**WORK ITEM:**
Make an exact copy of all the data, pictures excluded.

**DATA BELOW:**
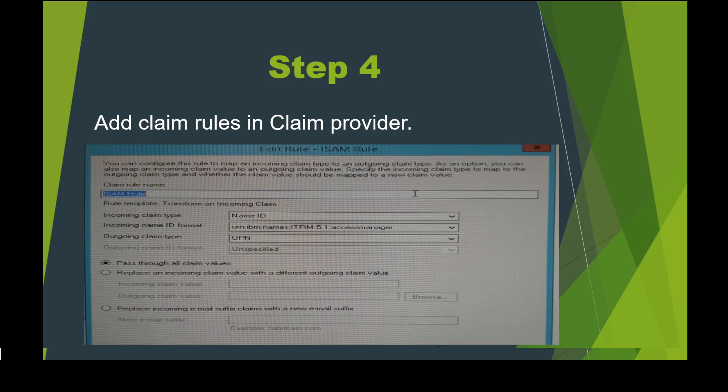When adding claim rules for a claim provider, you get multiple options: pass-through, filter, or transform an incoming claim. Since the source format is different, I chose 'Transform an incoming claim.' The incoming claim type was Name ID in the IBM format, and since Dynamic CRM accepts UPN, I set the outgoing claim type to UPN. After adding the claim provider trust and the claim rule, everything was working — I could access Dynamic CRM through ISAM without logging in separately.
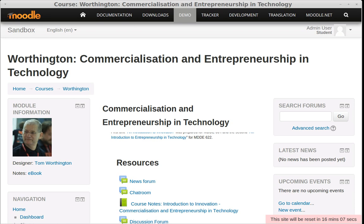What you see on the screen at the moment is a typical Moodle course layout. There are three columns of information: a navigation column with my photo in it here on one side, a larger column with the course content in the middle, and administrative information on the other side.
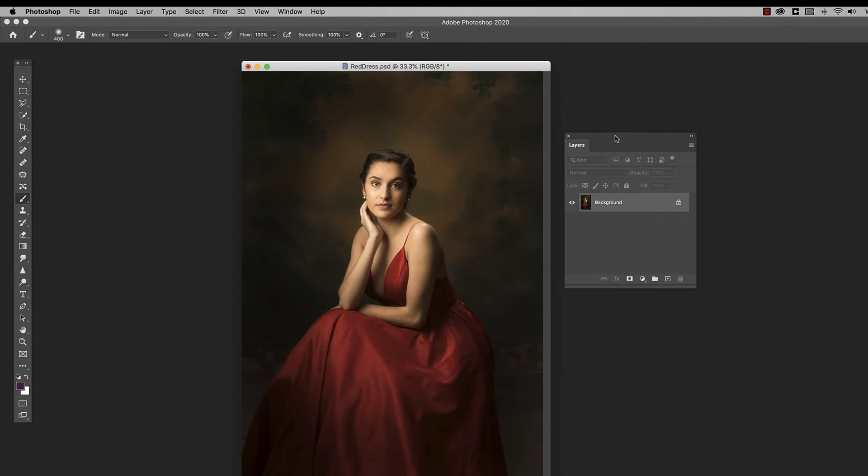Okay, so here we are in Photoshop and we're going to work on this portrait here of this model in this red dress.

**YOUR SOLUTION:**
When adding claim rules for a claim provider, you get multiple options: pass-through, filter, or transform an incoming claim. Since the source format is different, I chose 'Transform an incoming claim.' The incoming claim type was Name ID in the IBM format, and since Dynamic CRM accepts UPN, I set the outgoing claim type to UPN. After adding the claim provider trust and the claim rule, everything was working — I could access Dynamic CRM through ISAM without logging in separately.
What you see on the screen at the moment is a typical Moodle course layout. There are three columns of information: a navigation column with my photo in it here on one side, a larger column with the course content in the middle, and administrative information on the other side.
Okay, so here we are in Photoshop and we're going to work on this portrait here of this model in this red dress.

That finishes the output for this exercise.